W niedzielę wieczorem do szpitala w Dearborn nieopodal Detroit w stanie krytycznym trafił postrzelony funkcjonariusz policji. Napastnik zginął w wymianie ognia z funkcjonariuszami.
Policjant z 14-letnim stażem został postrzelony w tył głowy. Wraz z innym funkcjonariuszem odpowiadał na wezwanie związane z przemocą domową. Gdy padły strzały, mundurowi odpowiedzieli ogniem, zabijając podejrzanego.
James Craig, szef policji w Detroit, poinformował w poniedziałek, że licząca 40-45 lat ofiara prawdopodobnie nie miała bezpośredniego związku z przemocą domową, do której wezwano policjantów. – Nie mamy pojęcia, jaki był motyw sprawcy – oznajmił.

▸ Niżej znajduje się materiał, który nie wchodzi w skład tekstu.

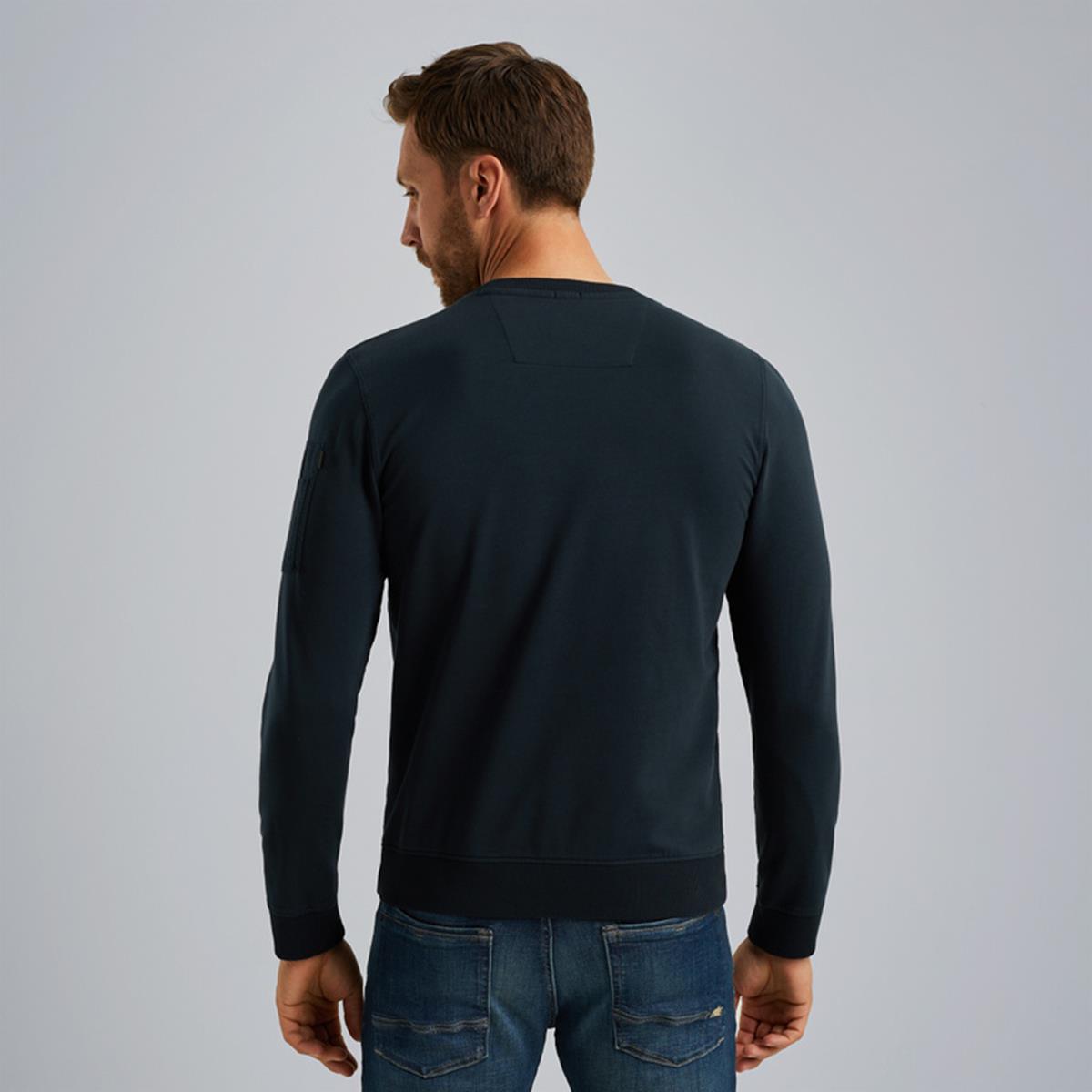 PME Legend PME Legend Sweater PLS0000431 Blauw 3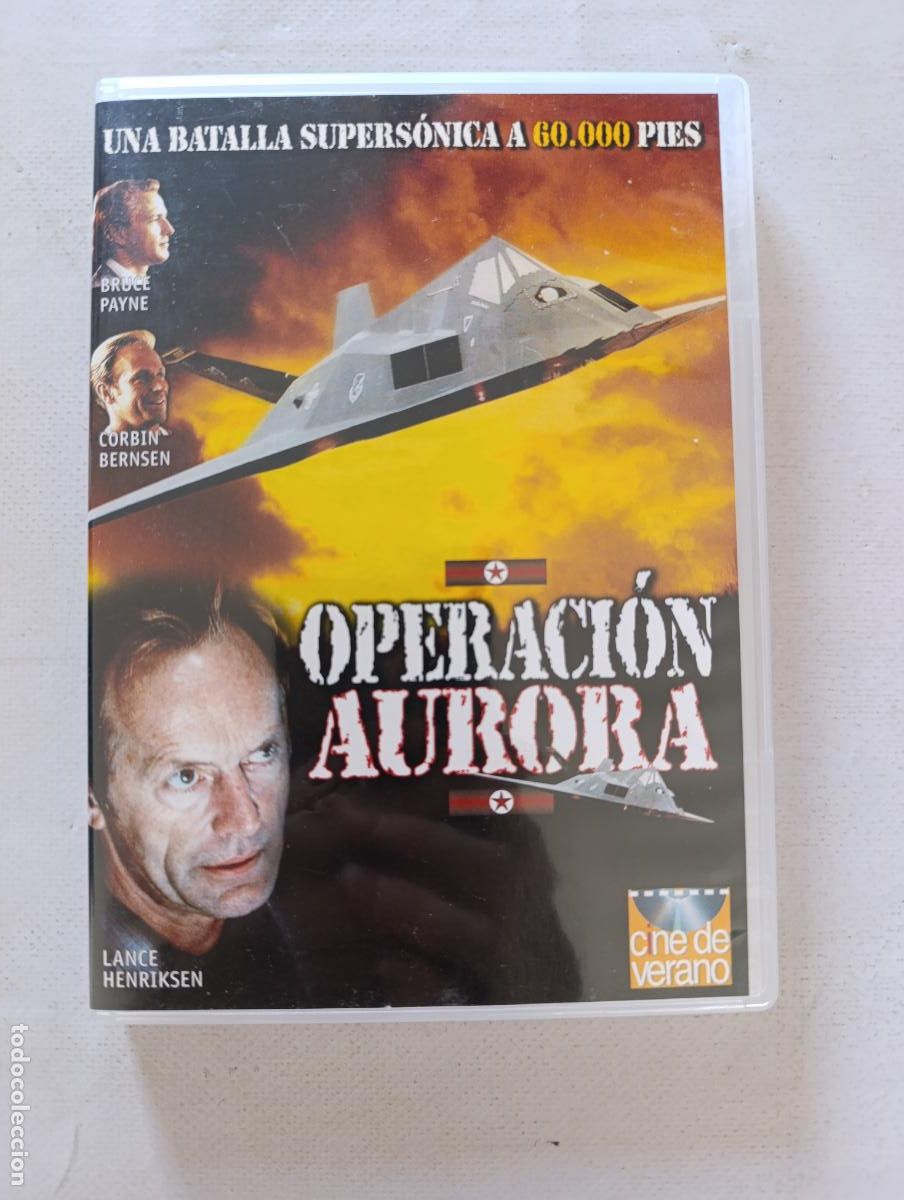 Cine: DVD OPERACION AURORA - BRUCE PAYNE (7R)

To już siódmy policjant z Detroit, którego postrzelono w ostatnich siedmiu miesiącach. W Wielkanoc kule raniły dwóch funkcjonariuszy. W listopadzie ubiegłego roku zginął policjant Collin Rose, który prowadził śledztwo w związku z włamaniami do samochodów. We wrześniu z kolei w trakcie pogoni za domniemanym złodziejem samochodów życie stracił funkcjonariusz Kenneth Steil.